Because a nation’s football team is a reflection of its state of mind, and for 30 years we’ve been ruled by the idea that it’s a crime against humanity for anything to exist that isn’t making an instant profit. Soon there’ll be announcements on trains that go: “If you see an object that isn’t sponsored or making a profit, please report it to a member of staff immediately so the Army can destroy it in a controlled explosion.”

So our ticket prices for football matches, like our transport and energy bills, are the highest in Europe. Only a few clubs run youth academies. Within a couple of seasons the fans will be sponsored, and have to sing chants such as, “You’re SHIT if you don’t use Direct Line Insurance and you know you are”.

Each area of the pitch will be franchised out, with a Costa Coffee in the centre circle. Owners of clubs will insist they can no longer accept substitutes being paid, as this is an insult to hard-working players who run around all afternoon, and look across to see these lazy bastards taking money for nothing. So from now on they’ll only receive a small Gameseekers Allowance, as long as they can prove they’ve been to three interviews to get a game of some sort, such as a place in the starting grid of a Grand Prix.

Goalkeepers will no longer be allowed to spend long periods of each match lazing about in their penalty area doing nothing. They’ll be put on zero-hours contracts, given a call when the ball comes near their goal and then run on to make a save. Eventually they’ll be phased out altogether, as one of the midfielders can cover for them just as well, making teams more efficient with less waste.

So the idea of a German-style national academy would make British business stare into the distance with bemusement, like a Victorian gentleman told that someone had invented a helicopter. “A scheme paid for collectively? With no immediate profit or boost in share prices whose rewards would only be tangible a decade hence? I contend, sir, that such an institution would constitute a threat to all that makes us civilised and leave us as little more than earthworms.”

This is a major part of our attitude towards the German football team. “They may well operate as a cohesive unit in attack and defence, their quick passing humiliating the Brazilians to the point of national tragedy, but let us not forget this is the Hun, and to copy their methods would be to surrender our heritage and defecate upon my grandma.”

This German team is entirely a product of the new Germany. It includes players whose backgrounds are Polish, Turkish and African. Mesut Ozil said: “My feeling for the ball comes from my Turkish side.”

If an English player said anything similar, five million people would call a phone-in screaming “This country’s full up as it is without letting in this bloke’s Turkish side.
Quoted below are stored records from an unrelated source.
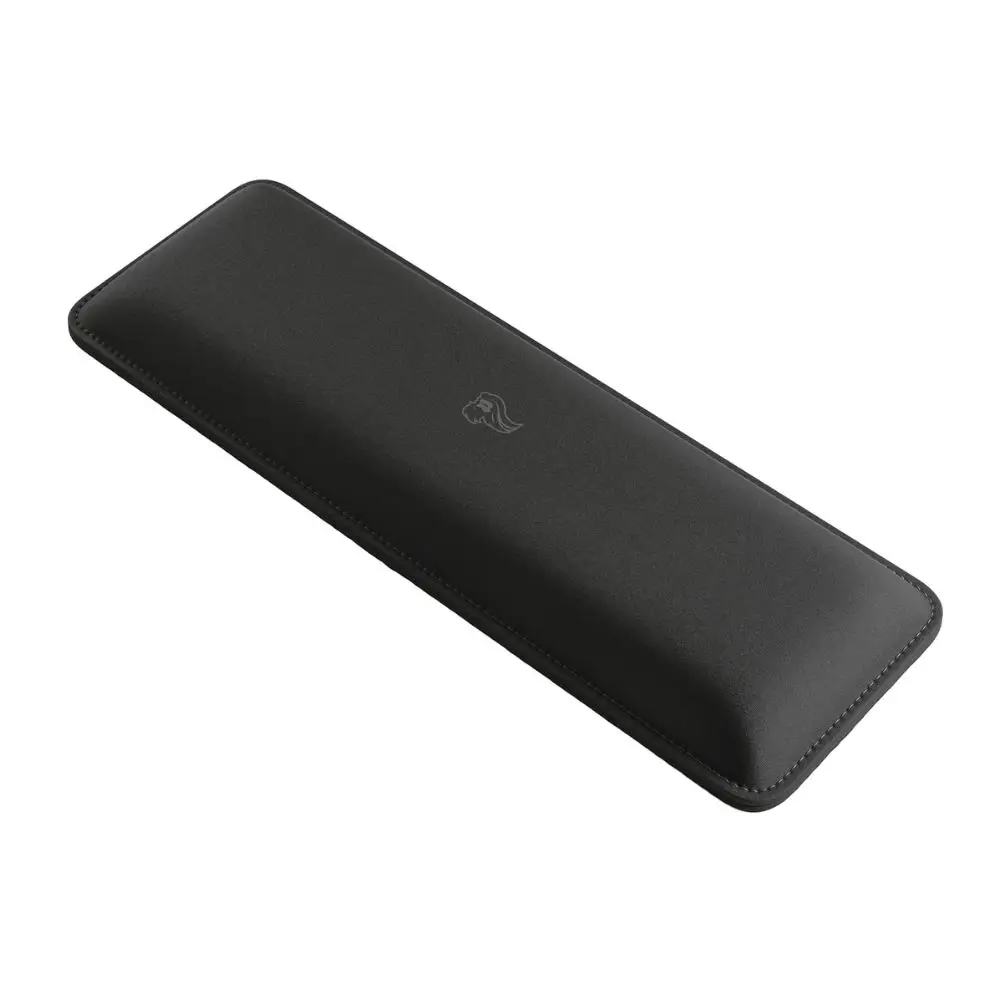 משענת יד למקלדת Wrist Pad Compact מבית GLORIOUS
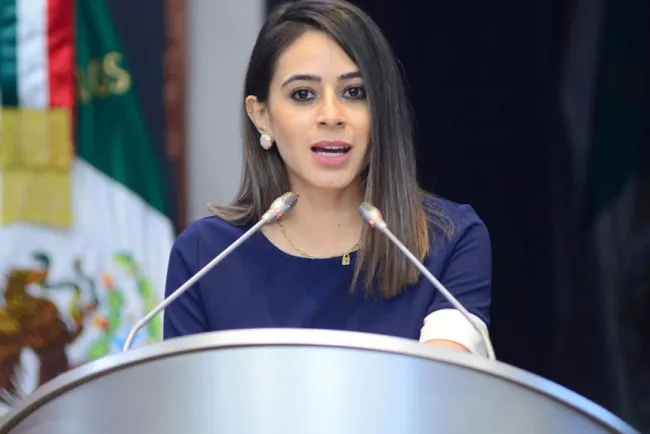 Es prioridad en Cananea garantizar abasto de agua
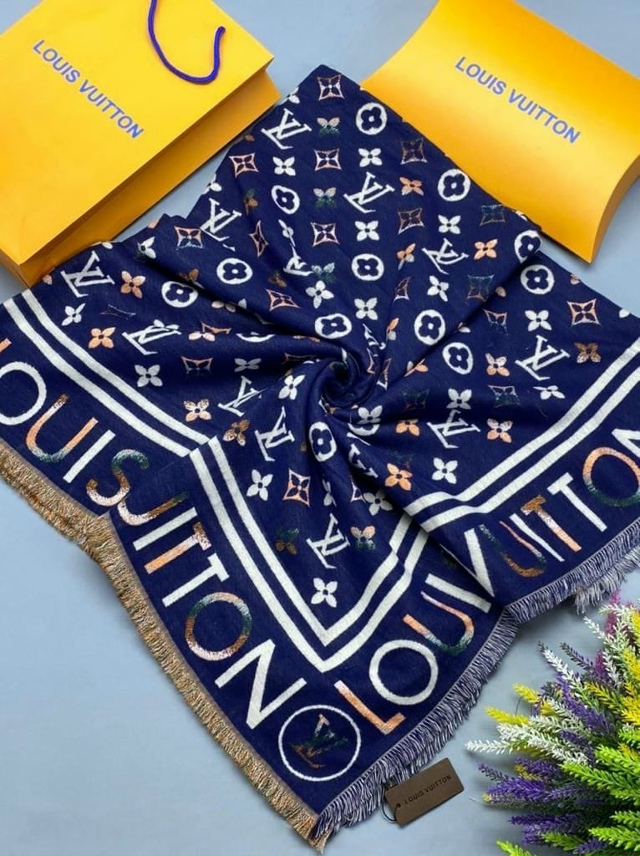 Артикул 23056218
I bet his Turkish side gets a council house while his English side is left on the waiting list.” And, “If he’s going to play for England he should feel for the ball with his English side and boot it into the stands like a proper Englishman.”

German clubs allocate half their shares to the fans, and famously when Borussia Dortmund played Arsenal, they were so shocked at the ticket prices the Gunners were charging, the club bought the tickets and sold them to their fans at half-price. No one can be sure, but maybe there’s a connection between that attitude and the fact that they’ve just beaten Brazil 7-1, whereas our best hope of being in a World Cup in the later stages is if we end up playing Zimbabwe in the play-off for 123rd and 124th place.

So now I’m hoping Germany win Sunday’s final, for reasons way beyond football, because it will be a victory for planning ahead and encouraging youth and collective thinking and seeing the world in terms deeper than simply what can yield a short-term profit, and also because as holder of the Germany ticket I’ll be up by a 100 quid.